→ **AIM OF THE EXERCISE**
What you return should match every record exactly, with the images removed.

Web page caption snippets
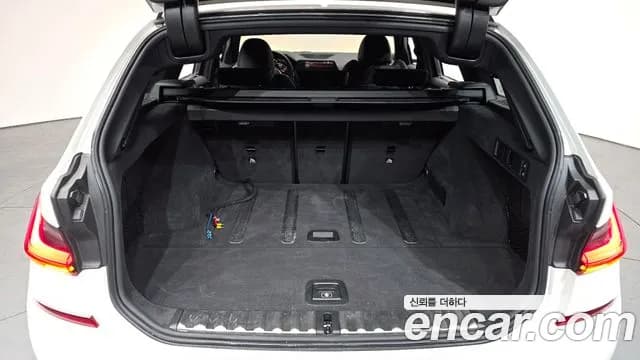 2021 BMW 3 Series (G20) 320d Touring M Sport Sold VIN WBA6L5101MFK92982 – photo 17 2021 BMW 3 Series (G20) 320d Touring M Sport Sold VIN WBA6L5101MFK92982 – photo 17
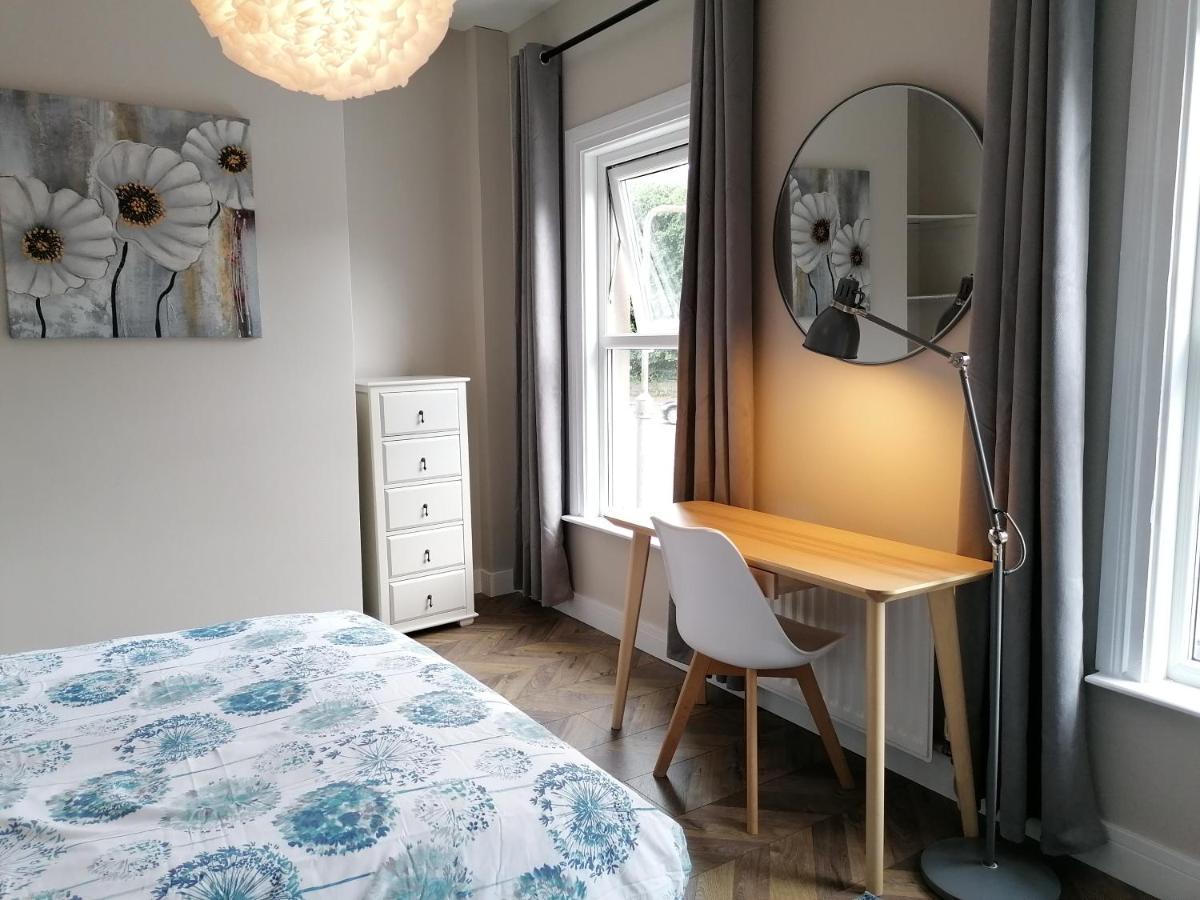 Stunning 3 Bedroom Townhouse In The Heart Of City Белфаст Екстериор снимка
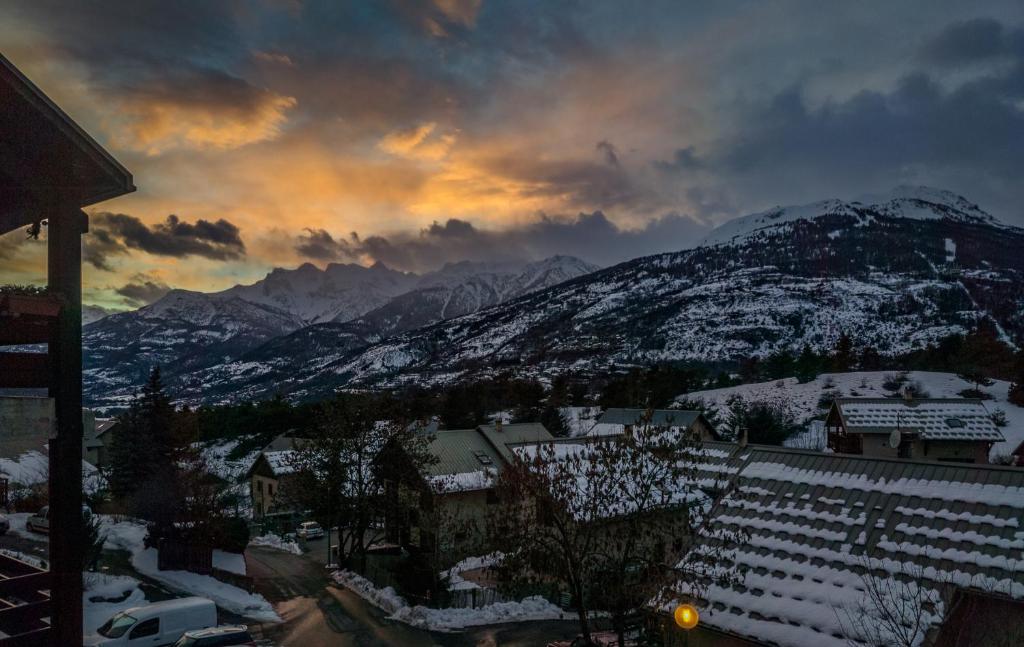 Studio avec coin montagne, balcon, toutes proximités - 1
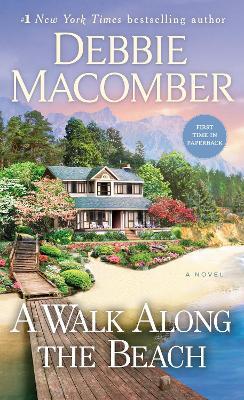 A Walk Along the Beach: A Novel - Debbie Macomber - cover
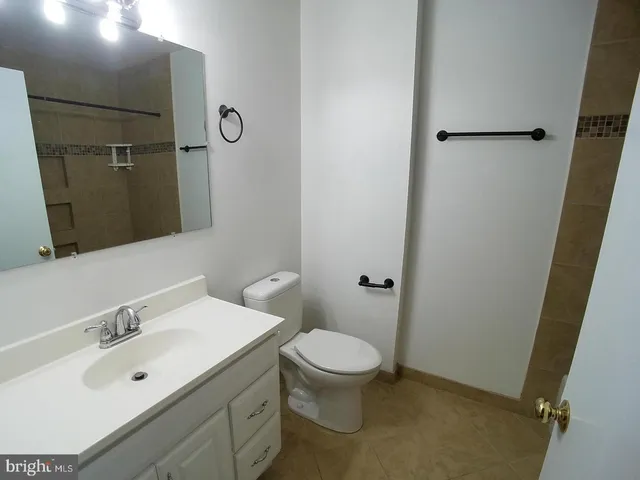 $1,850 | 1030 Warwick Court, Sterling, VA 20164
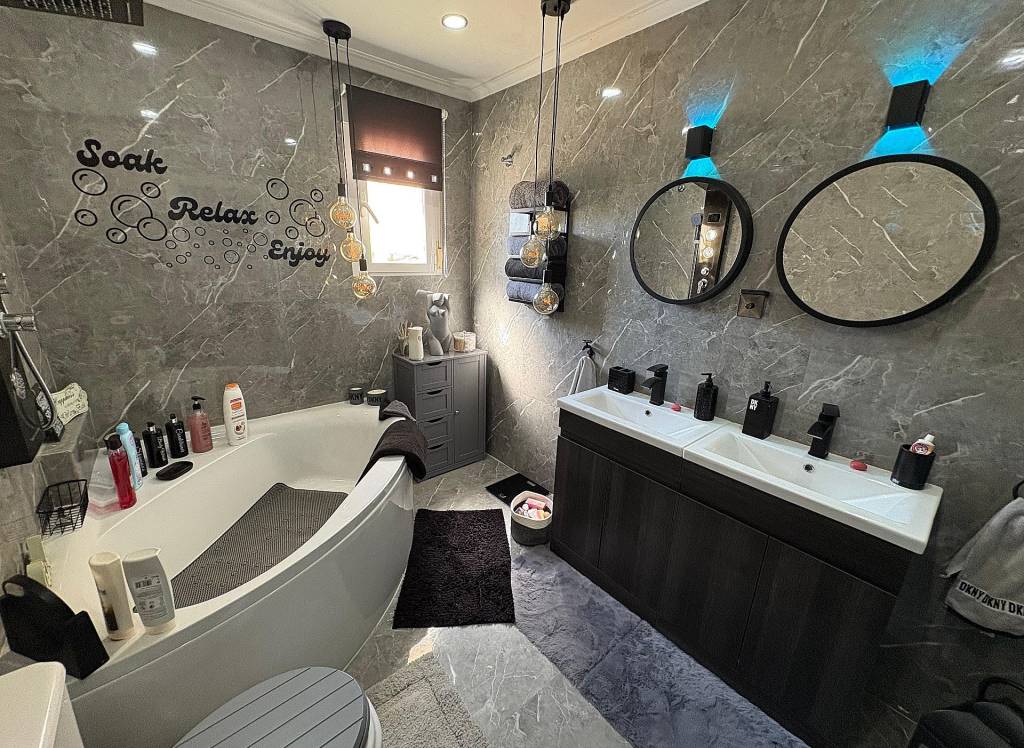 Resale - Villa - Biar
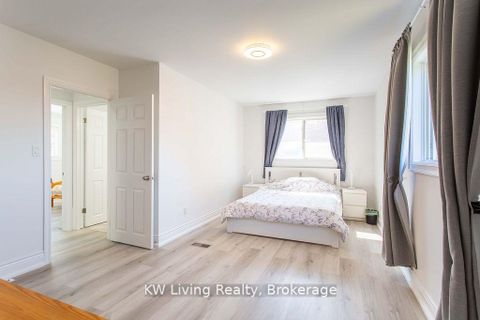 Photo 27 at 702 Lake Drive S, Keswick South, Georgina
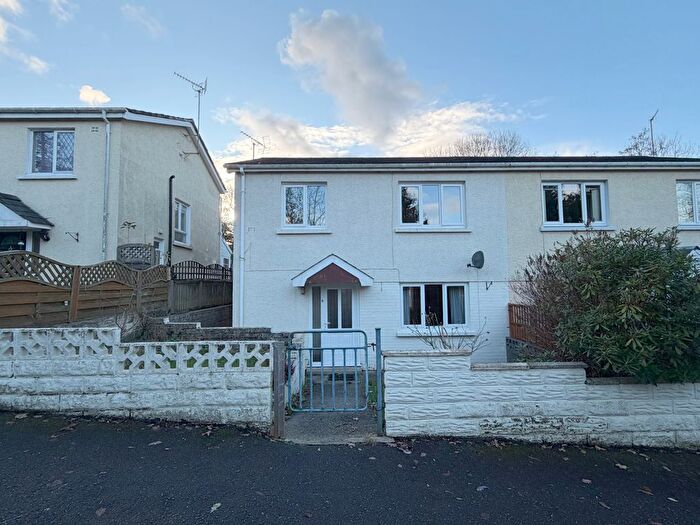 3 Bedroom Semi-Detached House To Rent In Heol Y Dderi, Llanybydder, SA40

→ **SOLUTION FOR THIS EXERCISE**
 2021 BMW 3 Series (G20) 320d Touring M Sport Sold VIN WBA6L5101MFK92982 – photo 17 2021 BMW 3 Series (G20) 320d Touring M Sport Sold VIN WBA6L5101MFK92982 – photo 17
 Stunning 3 Bedroom Townhouse In The Heart Of City Белфаст Екстериор снимка
 Studio avec coin montagne, balcon, toutes proximités - 1
 A Walk Along the Beach: A Novel - Debbie Macomber - cover
 $1,850 | 1030 Warwick Court, Sterling, VA 20164
 Resale - Villa - Biar
 Photo 27 at 702 Lake Drive S, Keswick South, Georgina
 3 Bedroom Semi-Detached House To Rent In Heol Y Dderi, Llanybydder, SA40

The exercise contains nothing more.